The European Union as a whole still has the world’s largest GDP—some $16.5 trillion a year, compared with $15 trillion for the United States, $5.5 trillion for China and $5 trillion for Japan. The UK’s share of that is some $2.5 trillion. The EU remains economically a big player on the world stage, but the UK on its own is rather less so. I believe that the EU punches below its weight. I am not in any sense a federalist, but I want the new European External Action Service, under Baroness Ashton, to deliver a great deal more for people living in Europe than the old directorate-general for external relations. I want to see a comprehensive approach whereby the European Union’s common foreign and security policy and common security and defence policy, as well as its development policy, EU aid policy and trade policy, all pull in the same direction to ensure that long-term development, state building, peace building, trade, foreign relations and reform of international institutions such as the UN also all pull in the same direction better to co-ordinate the development policies of the European Union and member states and to strengthen the poverty focus.

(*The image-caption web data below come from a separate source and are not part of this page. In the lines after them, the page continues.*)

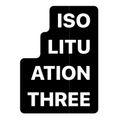 ISO-LITUATION VOL. 3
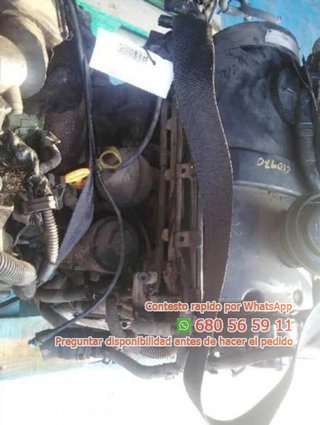 Skoda otolp770262 motor completo fabia ( Ref:45239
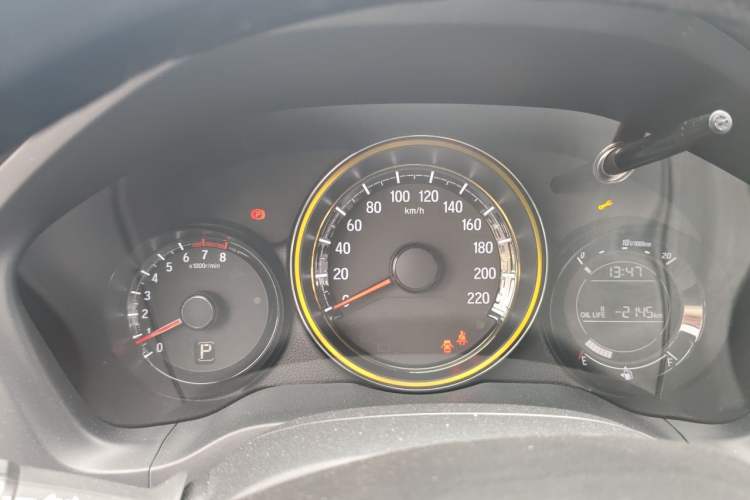Used Honda XR-V 2021 220TURBO CVT Comfort Version Instrument Cluster
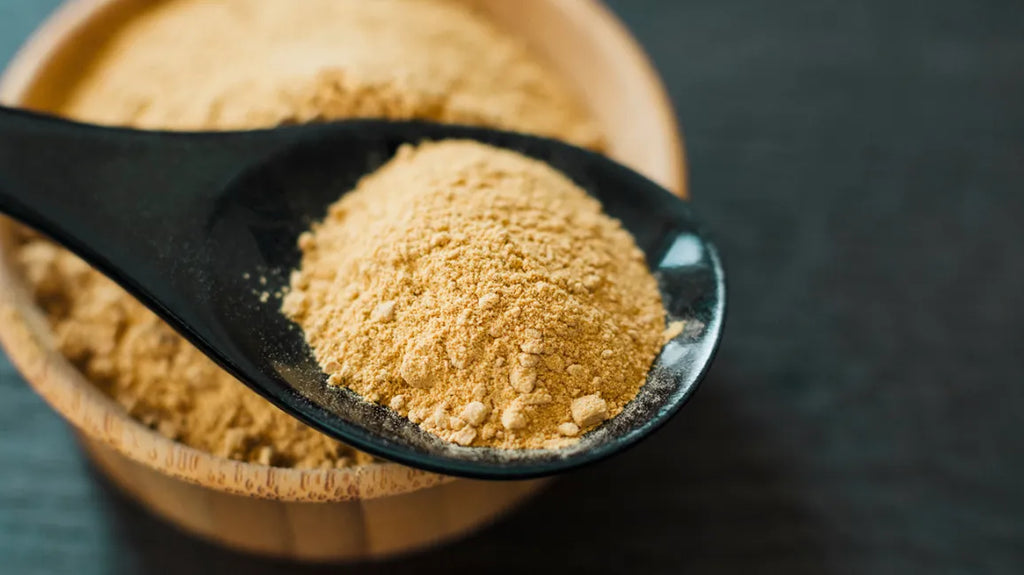 Maca root powder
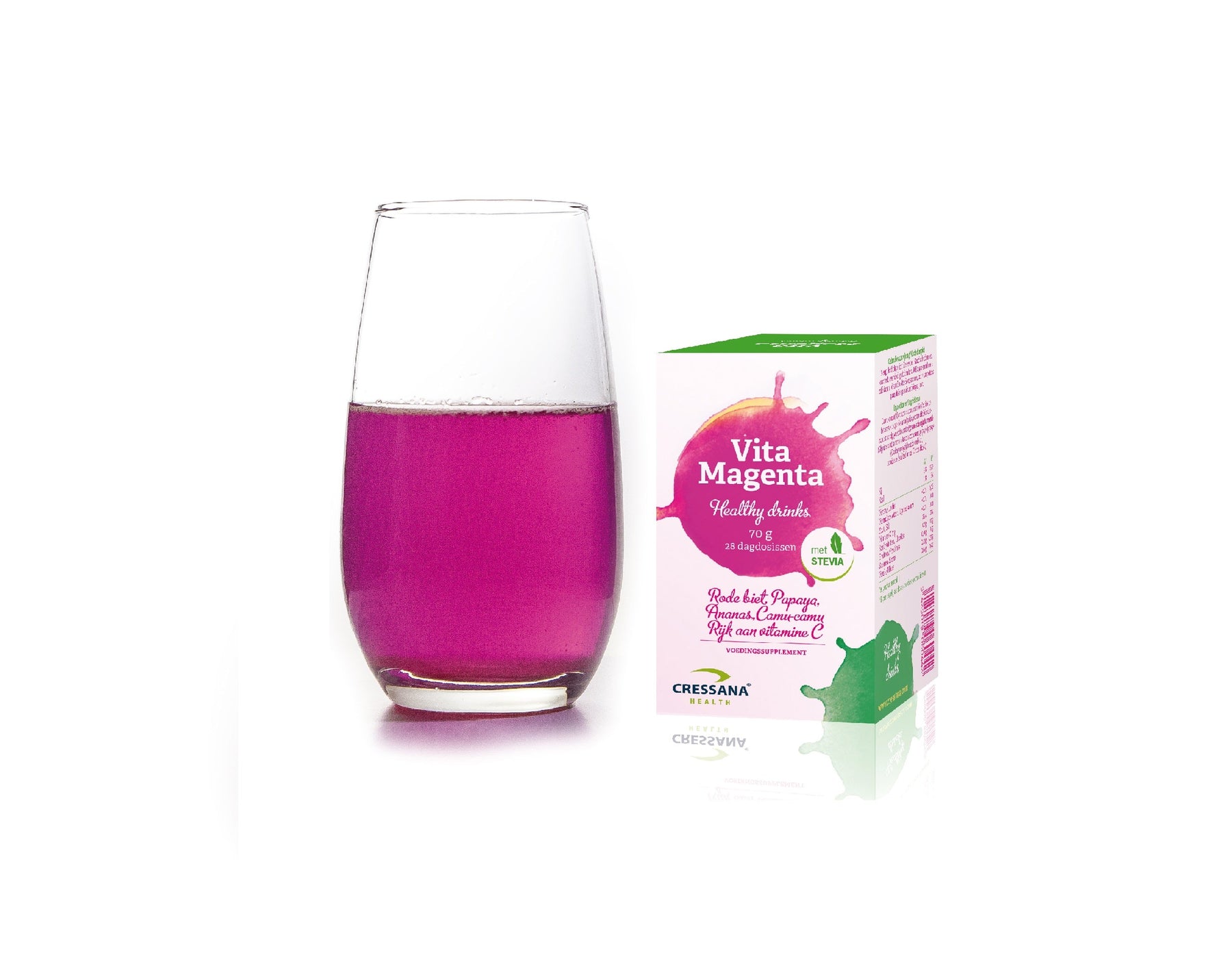 VitaMagenta Cressana® Nederland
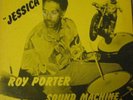 ROY PORTER SOUND MACHINE Jessica on Chelan JAZZ FUNK OG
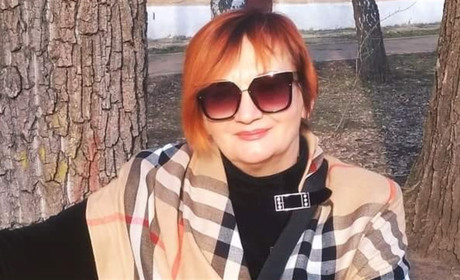 Письменниця з Куп’янськ-Вузлового пережила жахи війни і не втратила бажання писати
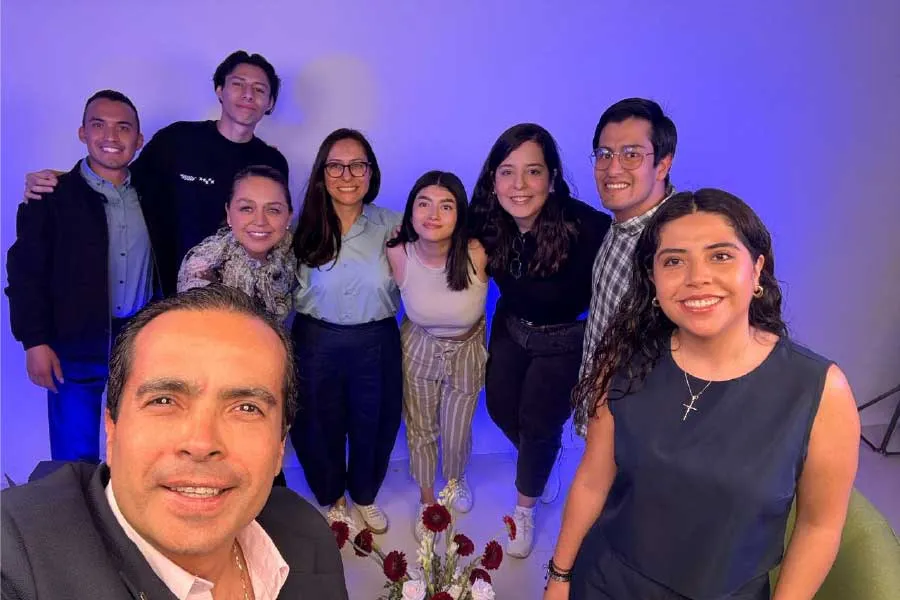 Equipo del Capítulo Universitario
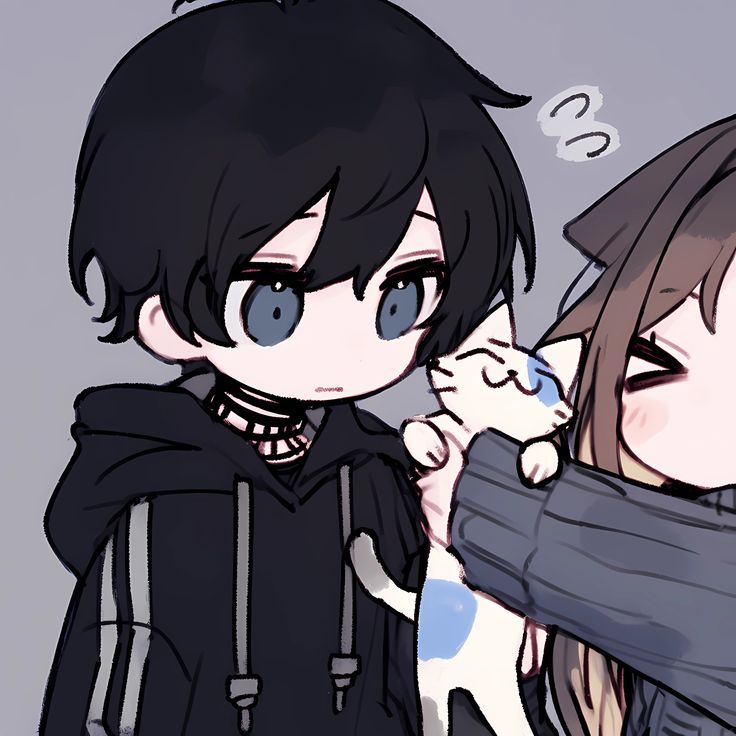 Avatar anime cặp cho 2 người 16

We have a strong poverty focus in this country, whereas the EU has a much less stronger one. Only half of EU aid goes to the least developed countries compared with about two thirds among donors as a whole. We need to minimise duplication and wasteful competition between individual bilateral donors, reduce red tape and increase the effectiveness and cost-effectiveness of our aid. Now, 60% of all the world’s aid—some €50 billion out of a total €80 billion—comes from Europe, both from EU member states bilaterally and from the EU acting on behalf of the Union as a whole. If the world is to succeed in achieving the millennium development goals by 2015, the EU and its member states must deliver more with the resources that are already committed to development as well as increase their spending to meet the commitments given at Gleneagles.
The Government are in a position to use the EU to multiply the value and effectiveness of aid from member states. It would be wrong, in my view, to back away from the EU or to reduce the UK’s contribution to EU development programmes. Our aid alone, however well spent, will not be enough to ensure that the least developed countries achieve the millennium development goals. Glorious isolation would make us less influential and less effective than concerted action to get the new European External Action Service to improve the EU’s performance.